Richard T. Nowitz/National Geographic Stock

“The language, we are losing that a little bit,” says Arzu, who is originally from Guatemala and is trilingual in English, Spanish and Garifuna.
Some people on the island, like native mainlander Alvarado of Infinity Bay, thinks of Roatán as something separate from the Central American nation of which it’s officially been a part since the mid-19th century. When she hears someone is going back to the mainland, “I’ll say, ‘Oh, you’re going to Honduras?’ It seems like we’re almost two different countries.”
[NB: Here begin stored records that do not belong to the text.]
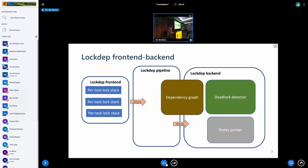The speaker proposes changing lockdep's structure into a front-end, back-end, and middle layer — which they call a pipeline. The front end passes dependencies to the back end, which can still implement the same work. This gives flexibility while keeping the same overall behavior, as we'll see later.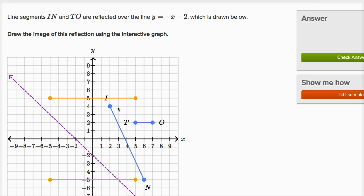Line segments IN and TO are reflected over the line Y is equal to negative X minus two. This is the line they're reflected about — this dashed purple line — and it is indeed Y equals negative X minus two.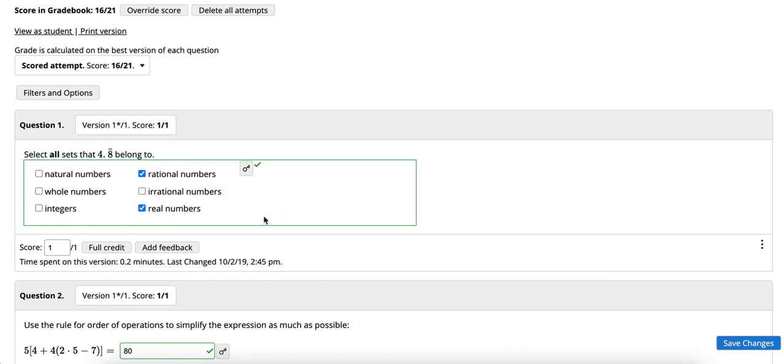This has been a video reviewing the information regarding how you can evaluate student activity.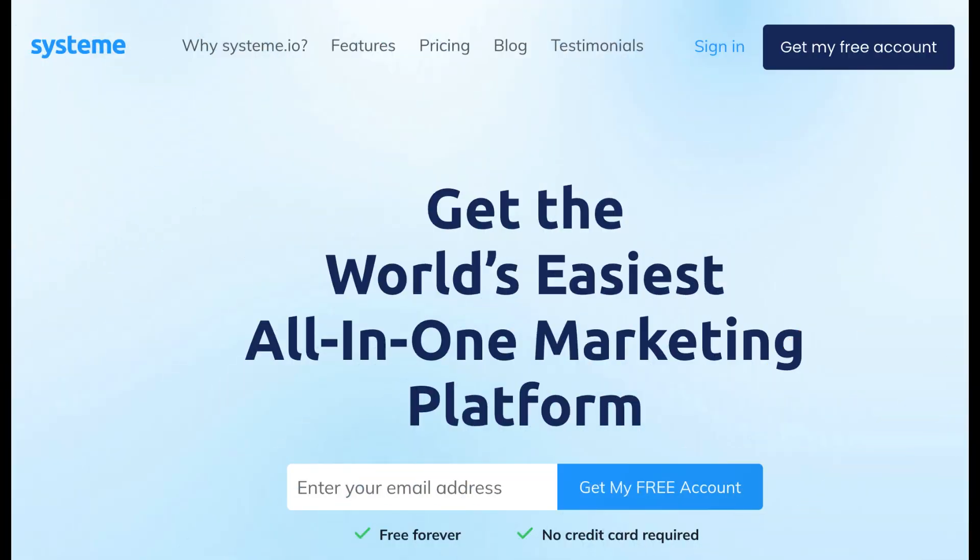Requirements: Before we begin, make sure you have a system.io account. If you don't have one, you can sign up for an account at system.io.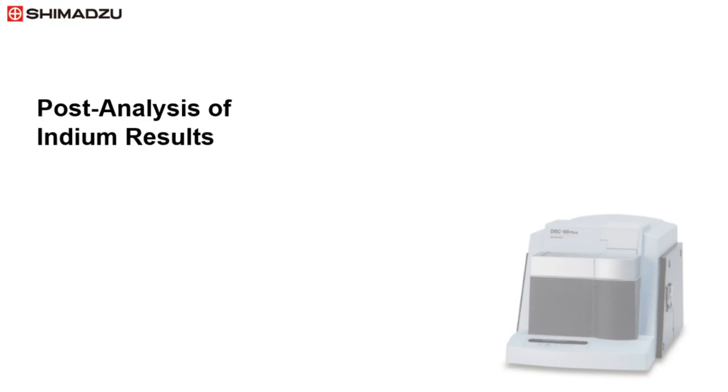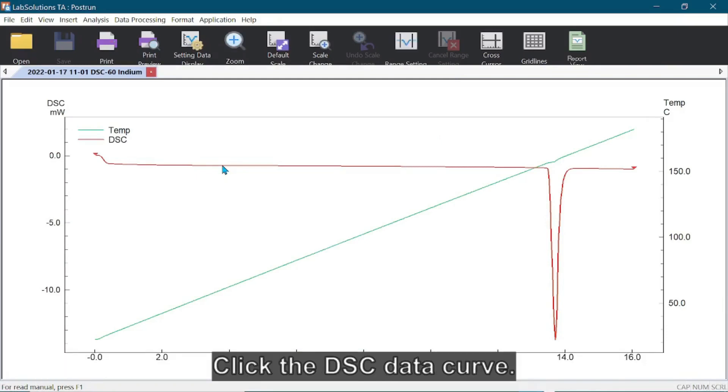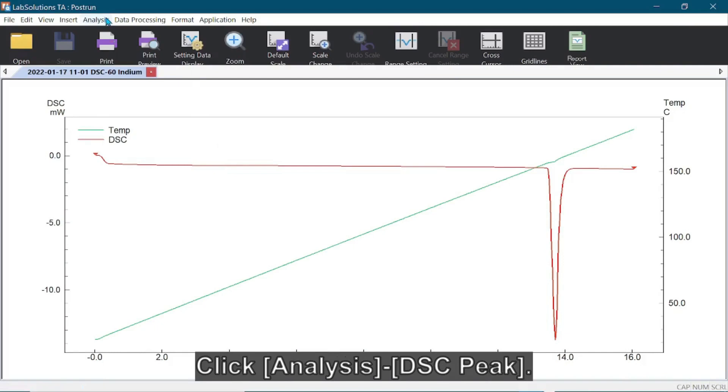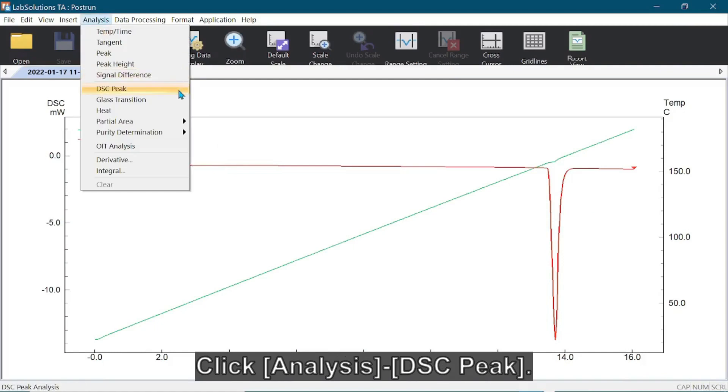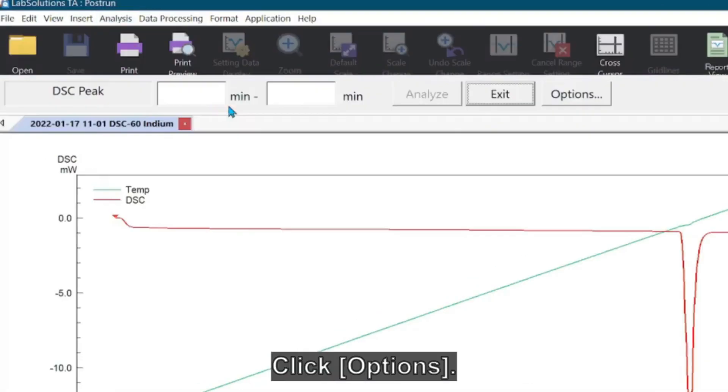The DSC results are then analyzed. In the LabSolutions TA post-run mode, open the indium data. Click the DSC data curve, click Analysis and select DSC Peak. Click Options.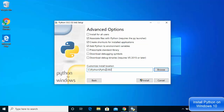The choice is yours — you can name this folder anything. I just prefer naming it this way so that I know which version of Python is installed in which folder.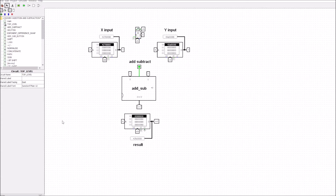Let's get started with subtraction. There's quite a bit to go through, so we're going to split it into two paths: we'll look at the subtraction for the near path and also for the far path, and we'll also compare the new circuit for subtraction with the old circuit.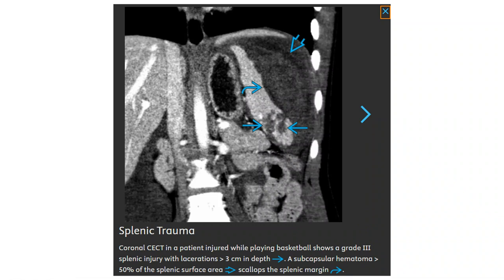This is a contrast CT in a patient injured while playing basketball, showing a grade 3 splenic injury with laceration 3 cm in depth. There is a subcapsular hematoma involving 50% of the splenic surface area, scalloping the splenic margin.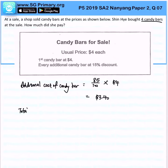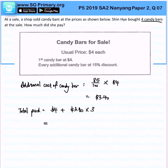Therefore, the total paid would be $4 plus $3.40 times the 3 additional candy bars, which gives us $14.20. That is the answer for this question. Thank you.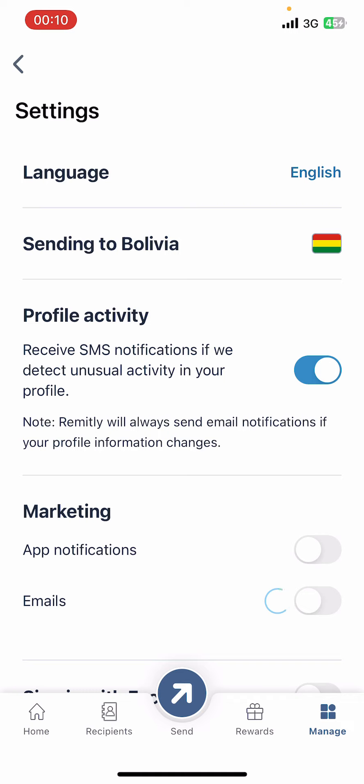And guys, that's it. That's how you turn off notifications on Remitly app. I hope you found this video helpful. If you did, please give it a thumbs up, leave a comment, subscribe to our channel and hit that bell icon. See you in the next video. Thanks for watching.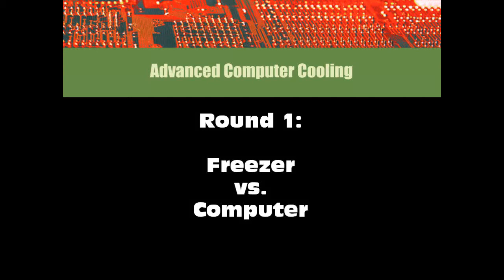Hello, I'm Dr. H. Christian Gunderson with Advanced Computer Cooling. Welcome to Freezer vs. Computer Round 1.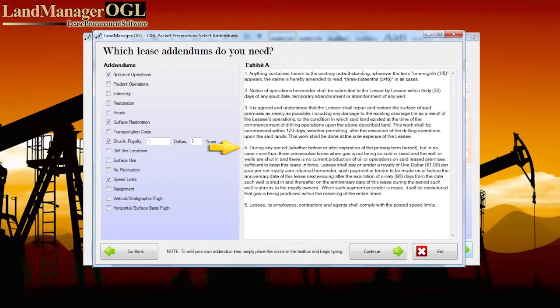To add your own addendum item, simply place the cursor in the text box and begin typing.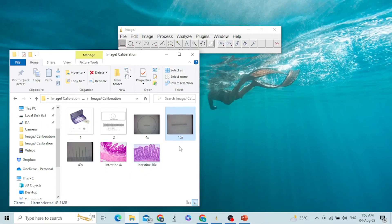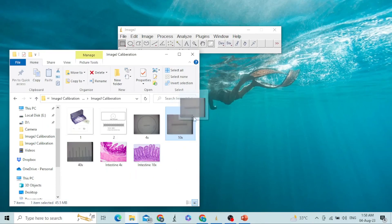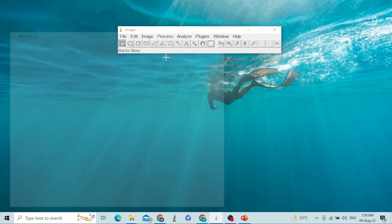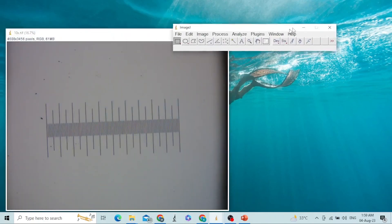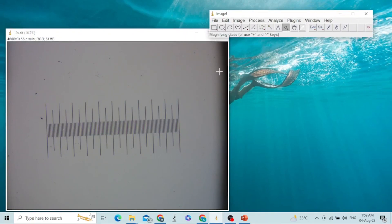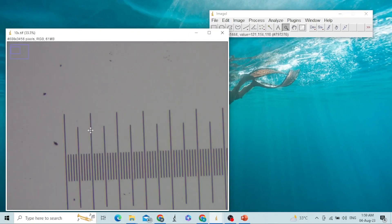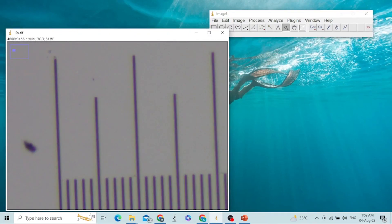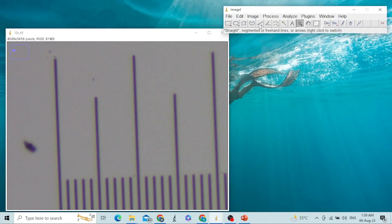I will drag this stage micrometer image and drop it into ImageJ. Now you can see the image is open. I will magnify it for ease. Then I will use this tool — the straight segment or freehand line tool.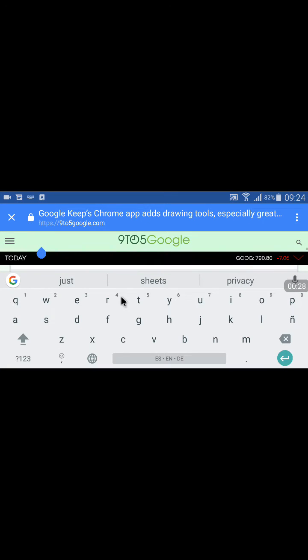And then as soon as I start typing, the entire screen goes away, so I can't actually see what I'm typing, which is kind of important. So that's a Google keyboard issue, I'm guessing.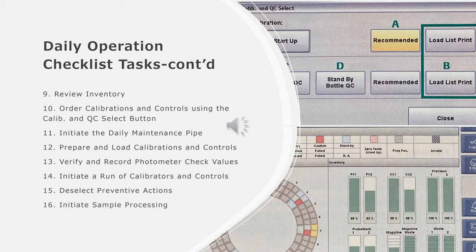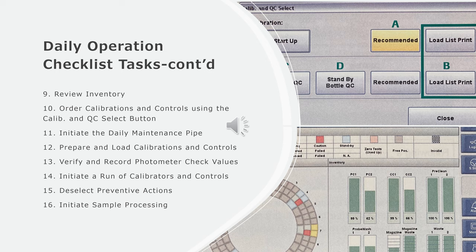Then prepare and load calibrations and controls, verify and record photometer check values, initiate a run of calibrators and controls, deselect preventive actions, and initiate sample processing.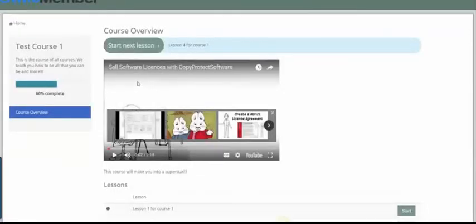As you can see, SwiftMember 2.0 is a very awesome piece of technology for your online business. Thanks for watching.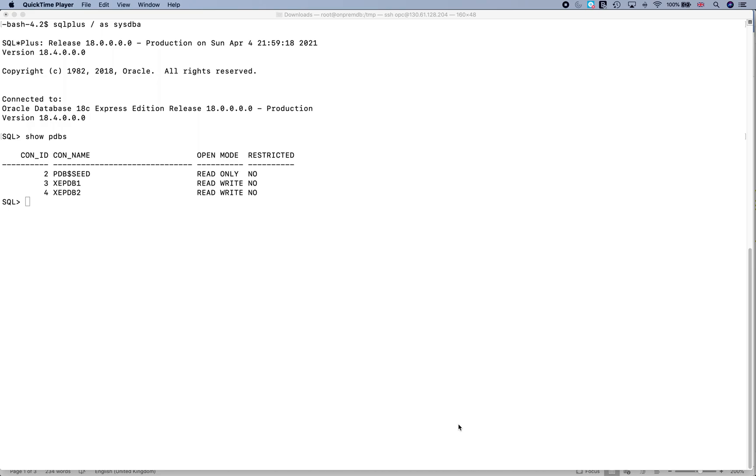A lot of DBAs tell me that you can't really see the data because a database file is a binary file. But there are ways in which you can run commands like strings on the database file and you can still see the data. So let's take a look at how we can achieve this.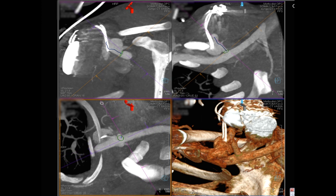Reconstructed CTA images enabled good visualization of the fistula and were used to select the optimal C-arm angulations and to plan the procedure.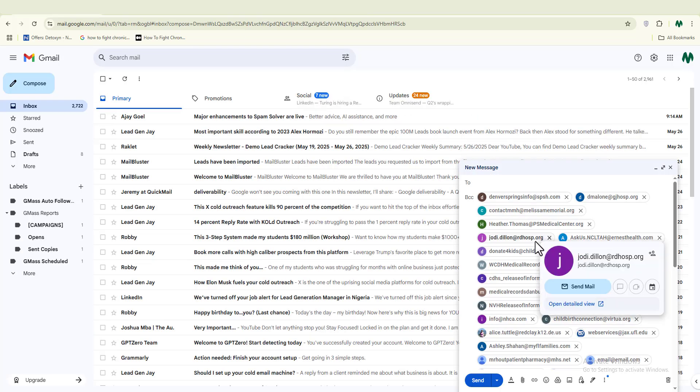Now here's the secret to sending more than 500 emails per day from Gmail: create multiple Gmail addresses. I'll link a video showing how to create bulk email accounts. If you have just five Gmail accounts each sending 500 emails per day, that's 2,500 emails every single day — completely free. Many people are already doing this and getting great results. It's a simple trick that can massively scale your email outreach.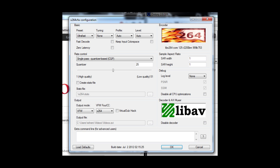This is where it gets kind of confusing. We'll start from the top down. First one is ultra fast preset, and then don't touch anything else. You want to leave tuning to none, profiles auto, level auto. Next thing you don't change is the rate control - it will be single pass quantizer based CQP. And I keep mine at 25, it gives me good quality for good compression. If you increase it, it will lower the file size but lower quality. As you see, the higher the number is, the lower the quality but the bigger file size obviously.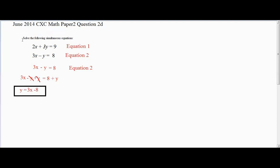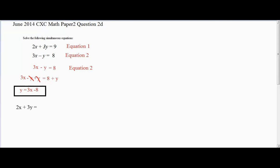Now we can use equation 1 to solve for X. Why not use the same equation? If we used equation 2 again, we would get 0, which won't work. Therefore, we use equation 1 to solve this problem. We know that Y equals 3X minus 8, so anywhere we see Y, we substitute 3X minus 8.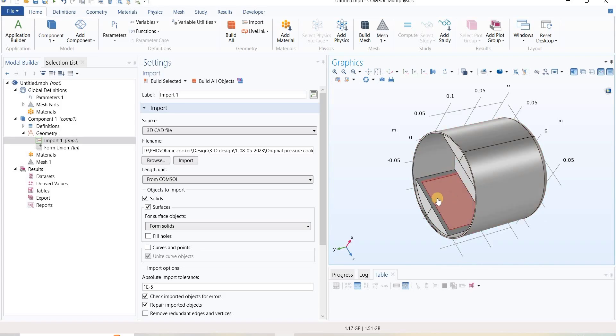Here we can see I can select each component individually. This is how we import 3D geometry from SolidWorks into COMSOL. Thank you.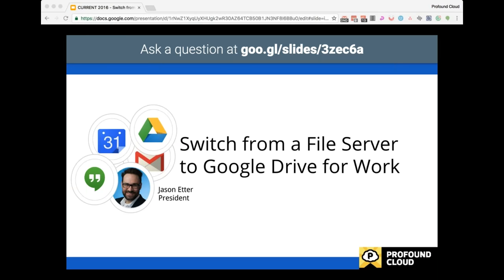Hello and thank you for joining. Today's session is covering modernizing file sharing with Google Drive for work. I'll address how G Suite, which is formerly Google Apps for Work, how it tackles enterprise file sync and sharing as a solution and discuss ProfoundCloud's proven best practices in successfully deploying Google Drive for an organization from an IT administrative perspective.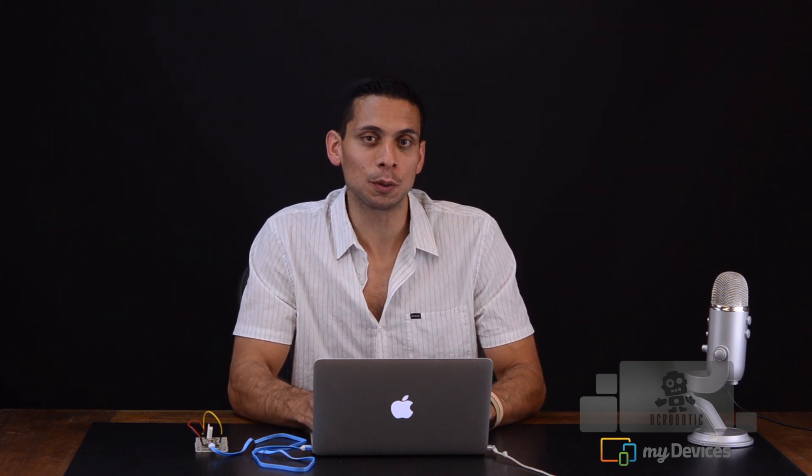We would like to thank MyDevices for sponsoring this tutorial. And if you like our videos, don't forget to like, subscribe, or leave us a comment. Until next time.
With its verdant setting, world-class diving and well-developed-yet-not-­overdeveloped infrastructure, Roatán seems poised to become the best of both worlds for those who seek both a Latin American and a Caribbean vacation experience. Infinity Bay resort has just opened a new reception building, and a spa is scheduled to open in the fall. And farther east, the ambitious, gorgeous Pristine Bay luxury golf resort and development opened the island’s first golf course, designed by the legendary Pete Dye.

“It’s going to come down to there’s only so far you can go,” Blaikie notes. “There’s enough here that can be developed and still maintain its pristine environment.”

As the global economy recovers, many believe the island now has an opportunity to move forward with development that’s to scale with the island itself and that will respect its resources and history while also paying homage to — and partnering with — the mainland.